Do not turn blind eye, stand firm against drugs in our communities
I am a current member of the armed forces and have served as a United States Marine and Army soldier. I have travelled the world and witnessed many things; but as a member of law enforcement as a military police officer and platoon sergeant who is responsible for the welfare for dozens of soldiers, the most disturbing thing is those affected by drugs, specifically methamphetamine.
In 2010, I learned about a friend who I served with in the Marine Corps named Sergio Orozco. He was articulate, well educated, and successful. He was a model, attorney at law, and attended Harvard Law School, and his addiction to meth caused him to commit suicide.
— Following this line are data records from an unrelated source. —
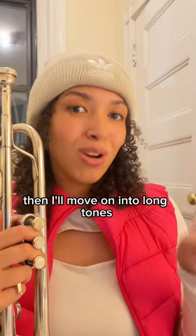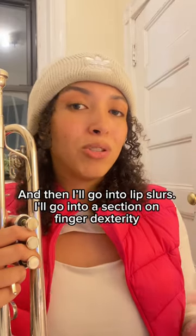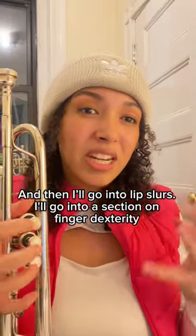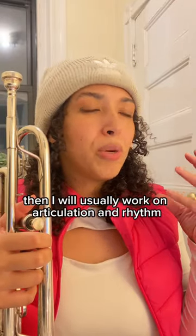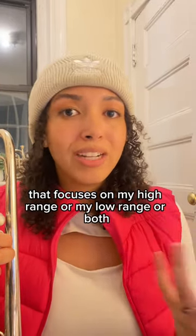First, I'll start off with breathing exercises, then I'll move on into long tones, followed by my flow study routine, and then I will do my lip slurs. I'll go into a section on finger dexterity — this is usually with Clark studies. Then I will usually work on articulation and rhythm. Then I'll have a section of my routine that focuses on my high range or my low range or both.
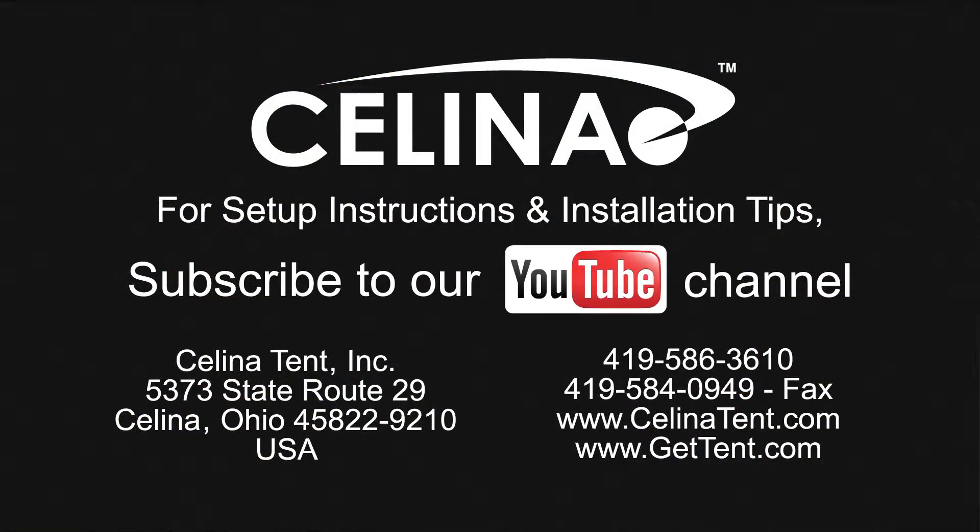Feel free to contact Solana Tent for more informational materials on tent staking capacity for any size tent. Visit our website at gettent.com.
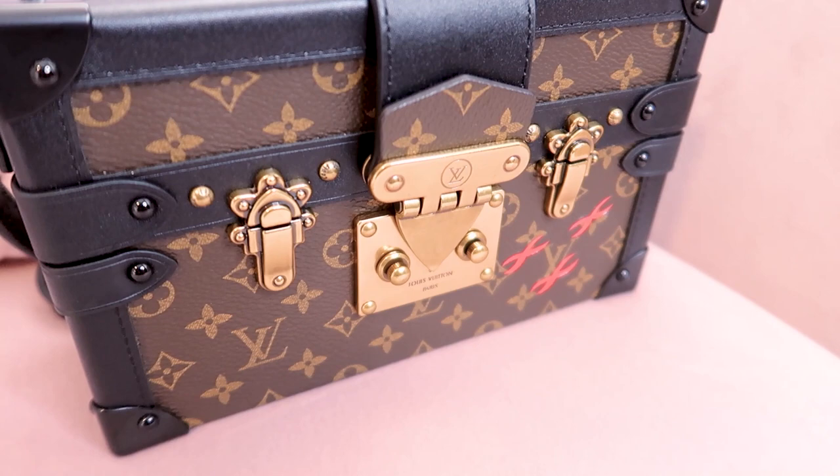Hi guys and welcome back to my channel. Isn't she gorgeous? I've been wanting this clutch for years but I could never justify the price. It was a bit of a ridiculous purchase because it's so small — it doesn't really fit a lot in it. It's for people that do not carry a lot, or for someone who wants something for the evening or for an event.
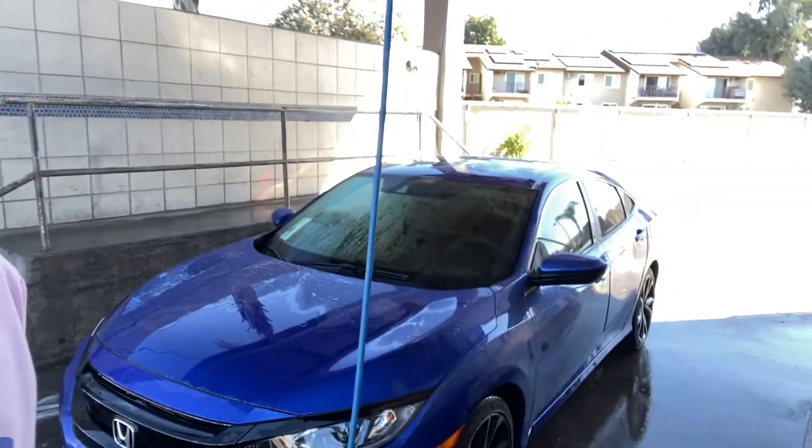Alright guys, the car is all rinsed off. Now we're going to use the spot-free rinse so we can just let it air dry and we should be good to go.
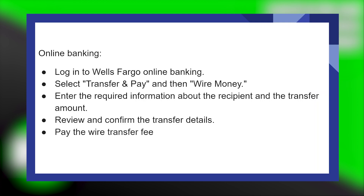Wiring money from Wells Fargo to another bank is very easy to do. Today I'm gonna show you how to do it.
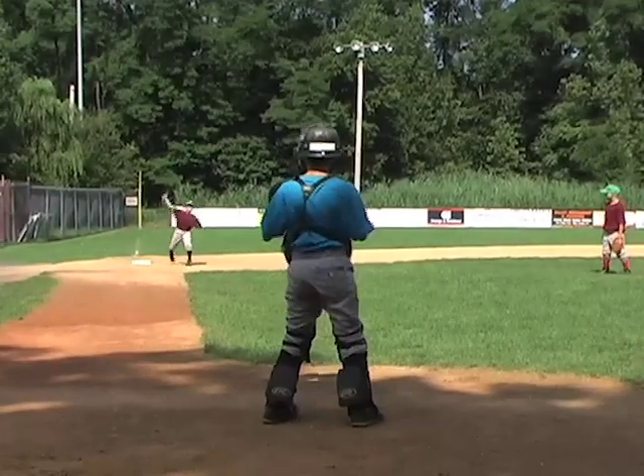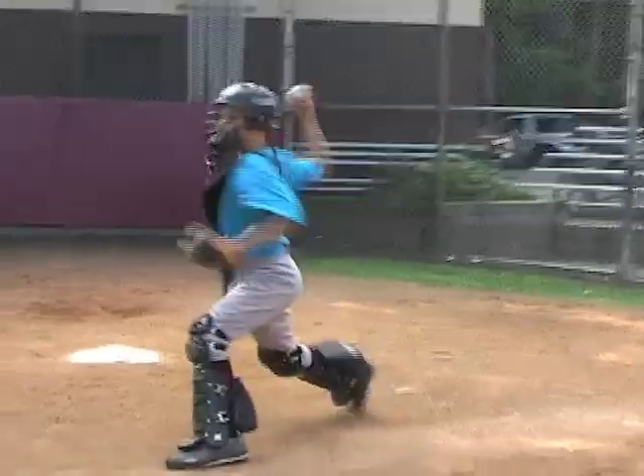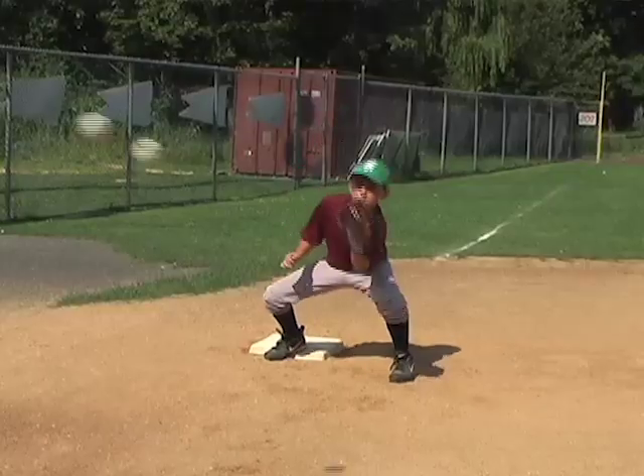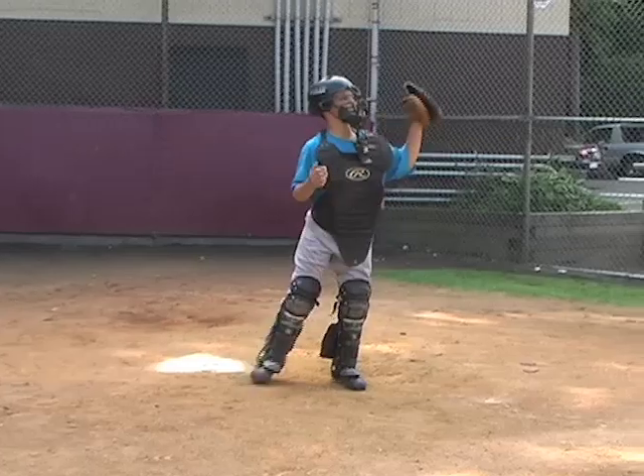For example, if the coach yells one, then the catcher must throw the ball to first base. After the catcher throws to the base, the infielder will return the ball back to the catcher.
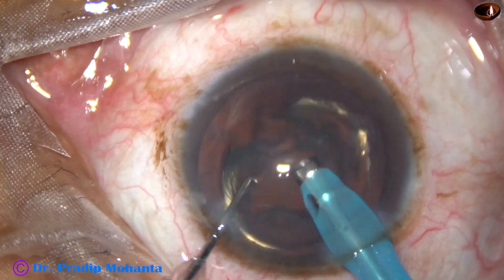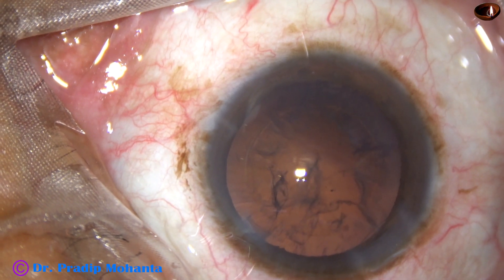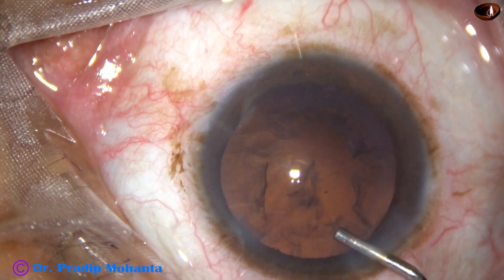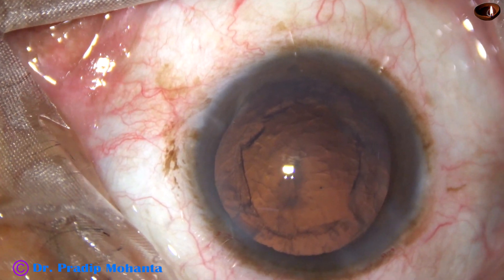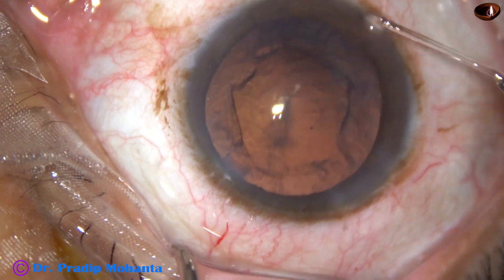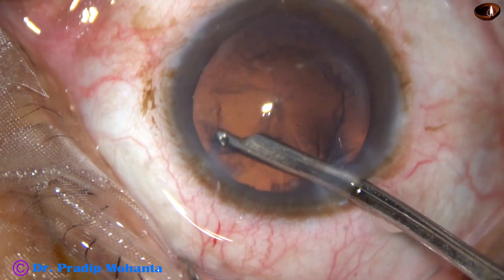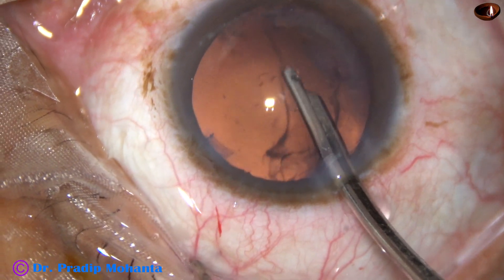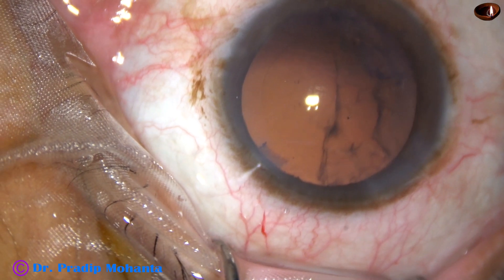This is another case. Remove the nucleus and epinucleus, then come out and inject VSCO — this is 2% hydroxypropyl methylcellulose. By the time your assistant is ready with the handpiece and the aspirating cannula, you just remove the sub-side port cortex with a 23-gauge Simcoe attached to a separate bottle — just a separate bottle — and you can save some time.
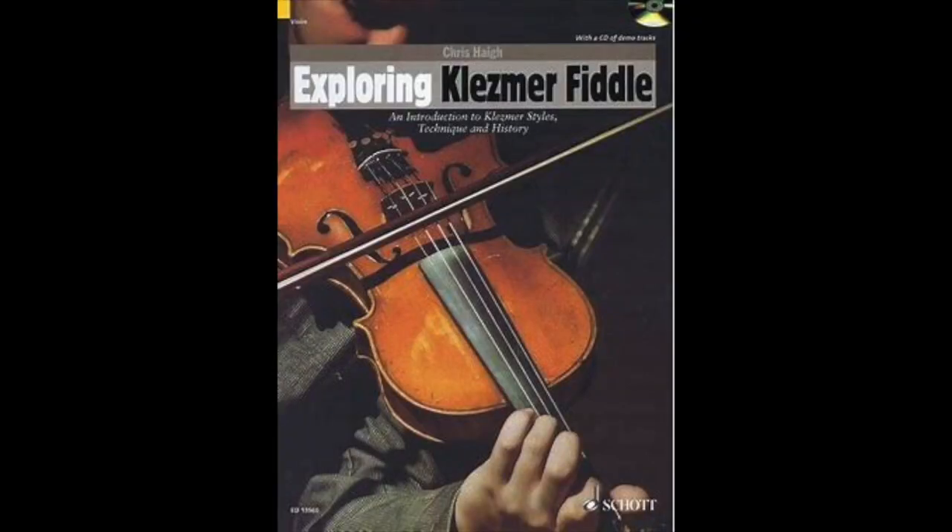Hope you enjoyed this. If you'd like more tunes like this and more information about klezmer, I do have a book — 'Exploring Klezmer Fiddle' — which has a whole lot of tunes and lots of background information. If you would like a copy of these dots, then do subscribe and send me an email. And I'll play you out with a couple of times around the Bessarabian Horror — see you soon.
The other Marine I served with, Ward Yont, was a headliner at the Comedy Store in Hollywood, California, and he is now serving a life sentence for murder in Arizona because he killed another man in a drug fueled rage. Growing up outside of Philadelphia, Pennsylvania, a childhood friend turned bassist for the rock band Slaughter, named Tim Kelly was killed by a trucker who was under the influence of drugs. And I have seen my own soldiers with once promising lives become addicted to meth and cocaine.
In short, drugs whether it be cocaine, meth or another addictive substance, can ruin your life, destroy your reputation, and hurt the ones you love. It does not matter whether you are famous or not, successful, or rich or poor, because once it has you, it has you.
As a parent who chose to move from California to Madawaska because I wanted a small town feeling of community, I now call upon my fellow parents, Madawaska residents, and Aroostook County community members to hold yourselves and others accountable. Be the proud residents that you are and realize that drugs can kill a community, instead of a friend who turns a blind eye because that blind eye may eventually blind you from seeing a family member, friend, or loved one from becoming addicted.
Nothing is clearer of this than the recent party where an adult provided meth and alcohol to our children, the precious future of our community. If we band together and let people know we don’t tolerate or accept drugs in our community, we can call that a start of a promising future for our children.
As I have chosen Aroostook County as my place to retire, I embrace all of you and this community as the place I want to live the remainder of my life; my hope is that you embrace a culture where we don’t turn a blind eye and tell those who deal in drugs and those who find hard drugs as their life choice, that we do not accept this; and that we do not accept this because we are protecting the future of our community.